Photo: benlecomte.com


The Inertia

Ben Lecomte ended 2018 short of a lofty goal. He had set out to raise awareness for plastic pollution by swimming across the entire Pacific Ocean, starting in Japan and ending in San Francisco. Along the way the 51-year-old swimmer and his team decided a detour was needed and they abandoned their original goal, instead making landfall in Hawaii six months after it all started.

The whole thing wasn’t a wash though. Researchers from 12 scientific institutions, including NASA and the Woods Hole Oceanographic Institution, collected samples on a boat that followed Lecomte. They recorded data on plastic pollution, radiation from the Fukushima disaster, and even the swim’s effects on Lecomte’s heart and psychological state.

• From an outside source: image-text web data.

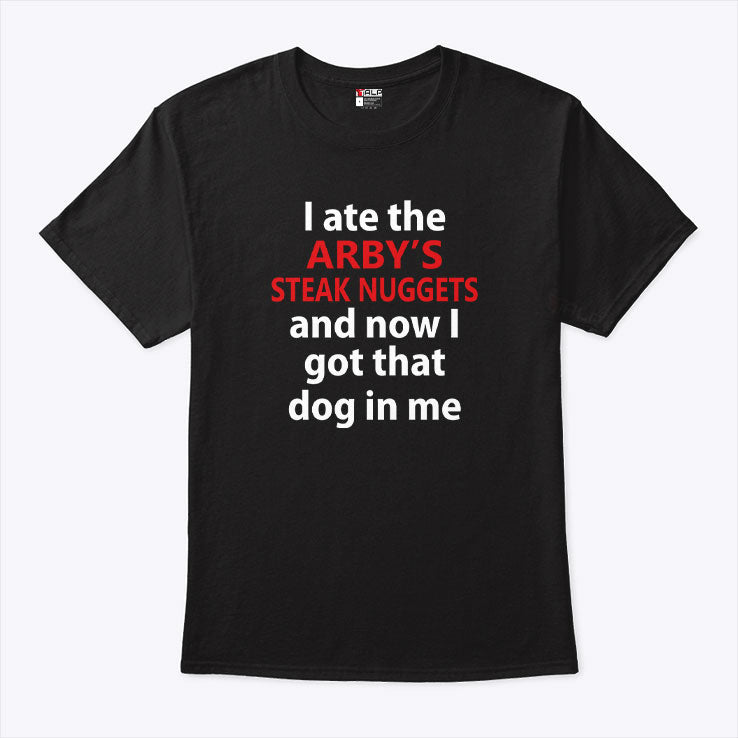 I Ate The Arby’s Steak Nuggets And Now I Got That Dog In Me T Shirt Unisex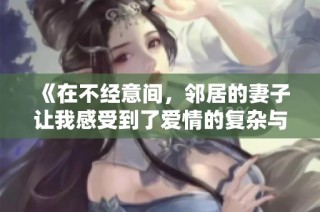 《在不经意间，邻居的妻子让我感受到了爱情的复杂与迷惘》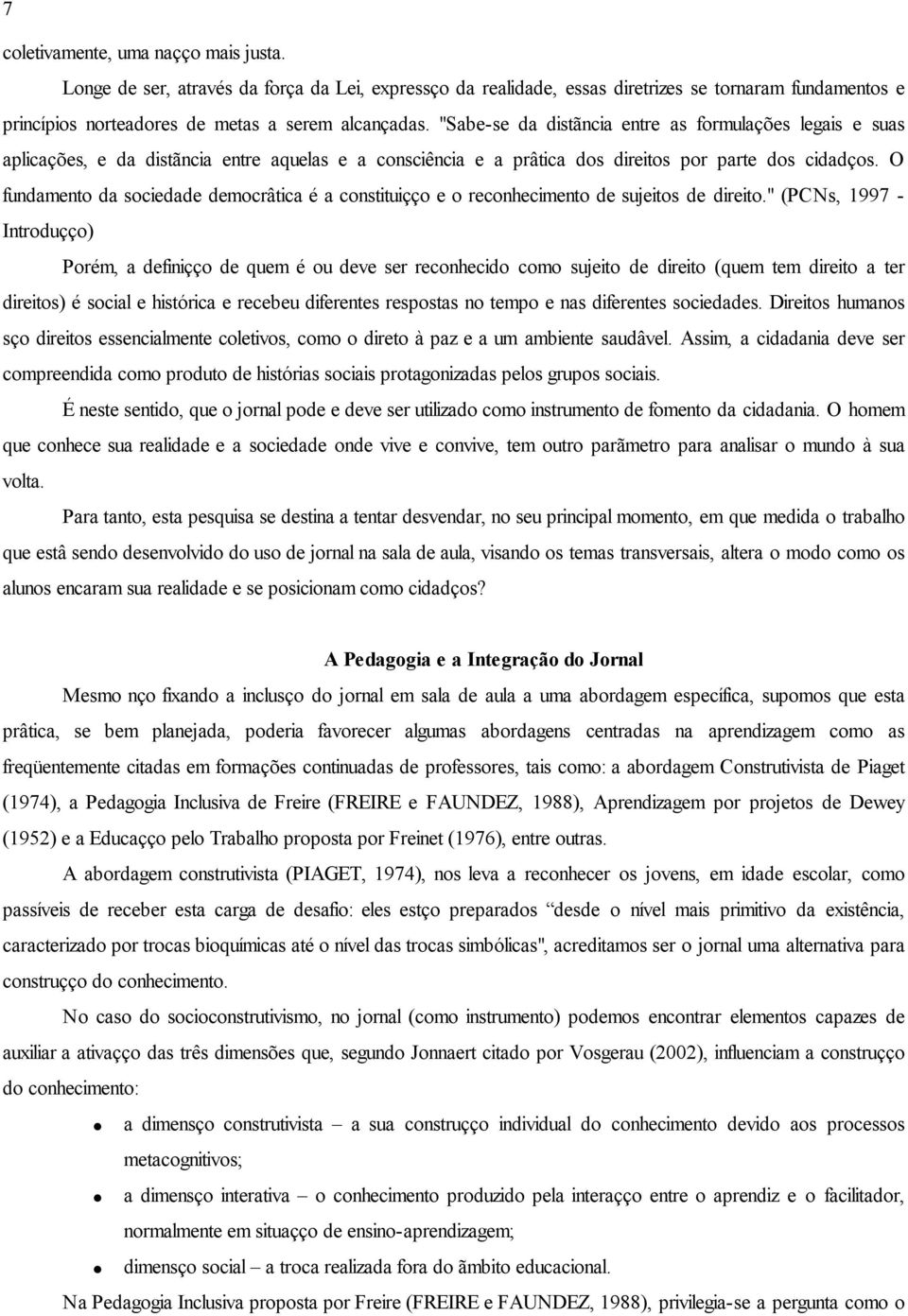 O fundamento da sociedade democrática é a constituição e o reconhecimento de sujeitos de direito.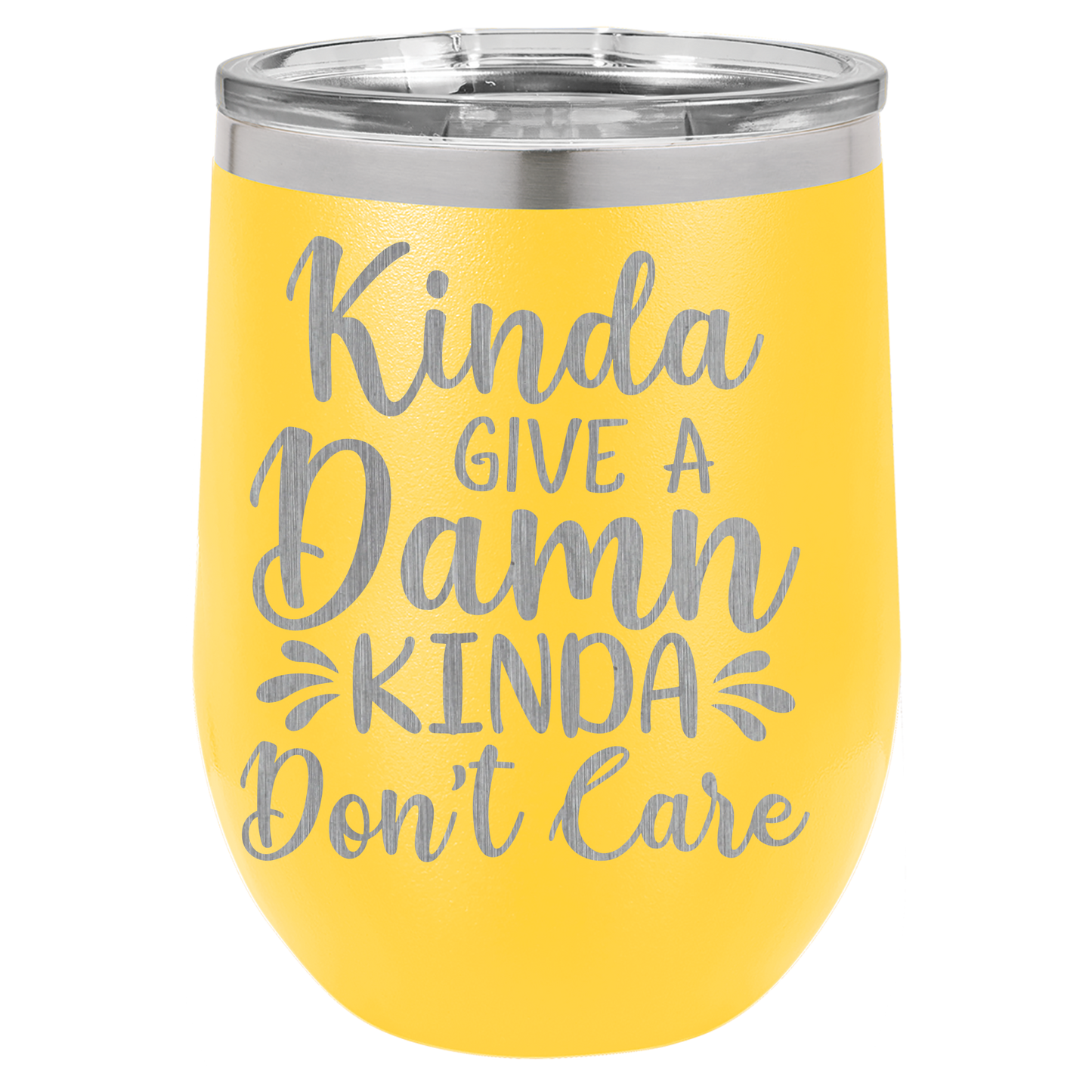 Kinda give a damn Kinda Don't care wine tumbler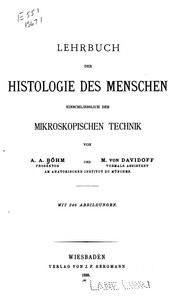 Cover of: Lehrbuch der Histologie des Menschen: Einschliesslich der mikroskopischen Technik by Alexander A. Böhm, M. “von” Davidoff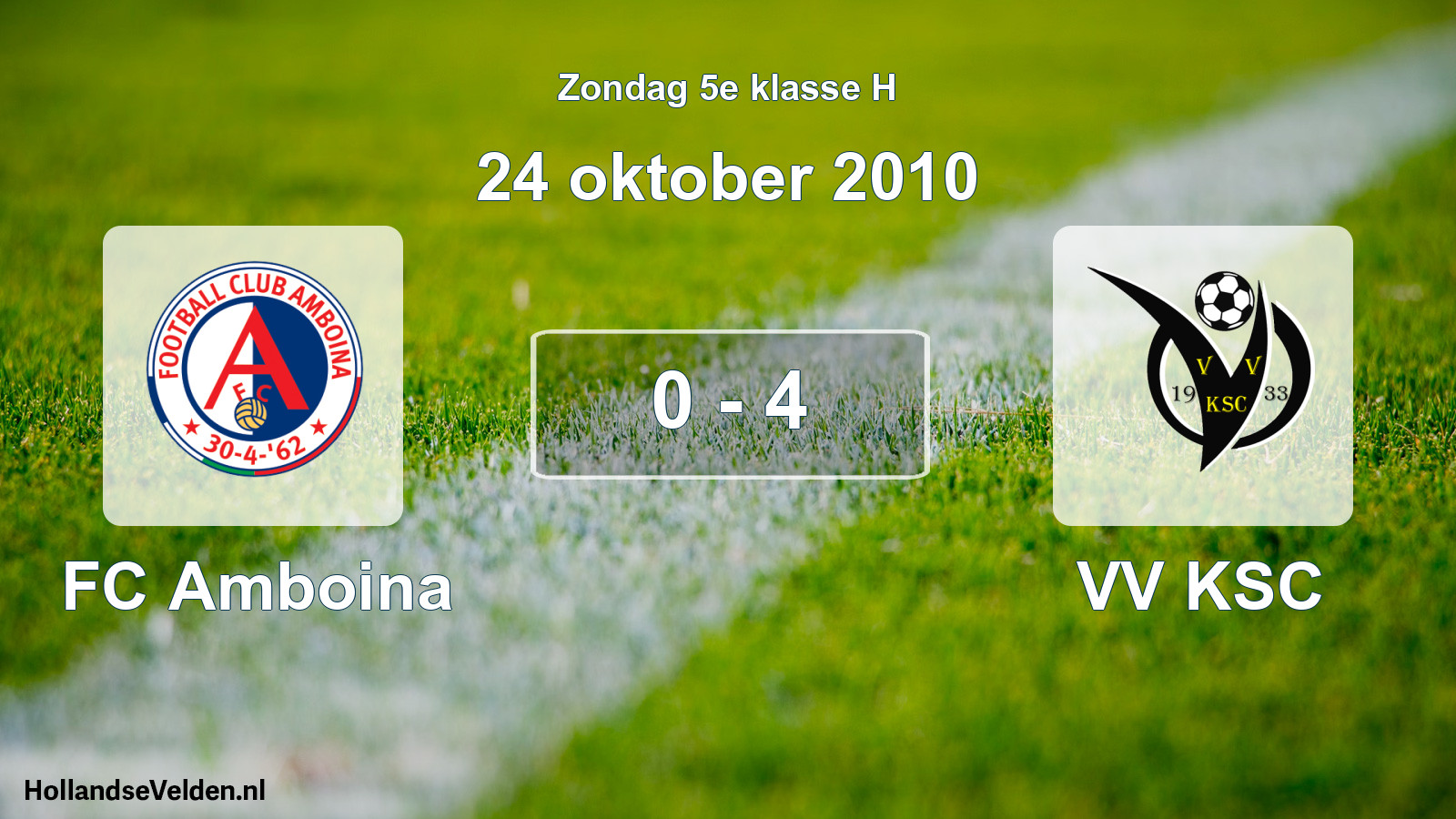 Total number of matches played: FC Amboina - VV KSC 0 - 4 (24 October 2010)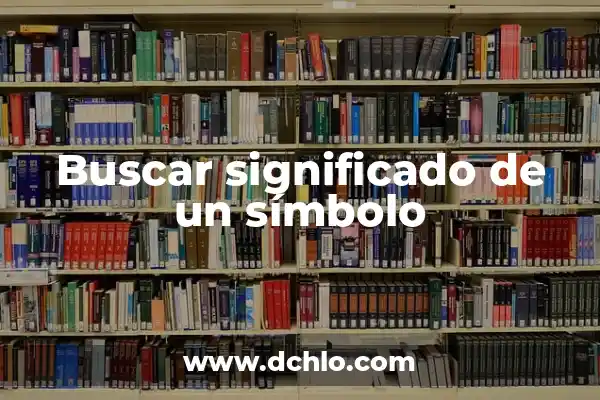 El Significado del Símbolo de Aprendizaje 7 Buscar significado de un símbolo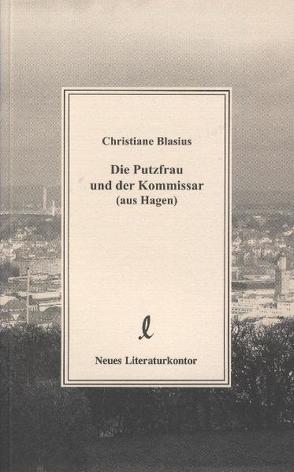 Die Putzfrau und der Kommissar (aus Hagen) von Blasius,  Christiane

They encountered everything from tycoons that forced them to turn back to Japan and start all over again, jellyfish stings, and at one point announced in an interview with Business Insider that they were coming across two pieces of plastic on the surface of the water every five minutes.

“The first step I think is to get rid of single-use plastic,” Lecomte said in another interview after the swim. “It’s something that we do because it’s very convenient, but we saw it in the water. We saw plastic glass and plastic bottles, all of which we can live without it. So that would be a first step. And now it’s to try to inspire them to make some changes. That is very challenging.”

It turns out Lecomte is still determined to see through one particular part of his original plan: swimming directly through the Great Pacific Garbage Patch.

“Ben Lecomte will swim 300 nautical miles – up to eight hours a day – through the smog of plastic pollution known as the Great Pacific Garbage Patch, collecting scientific data and debunking the myths surrounding ocean plastic,” announced his sponsor, Icebreaker.

This swim will take an estimated three months, starting in June and ending in September.

“The 300 nautical miles represents the 300 million tonnes of single-use plastic produced every year,” Lecomte adds. “Plastic produced on land ends up out at sea. Even the microfibers in synthetic clothing wash out into the waterways and end up in our drinking water. So we’re consuming these pollutants on a daily basis. It cannot be good for us.”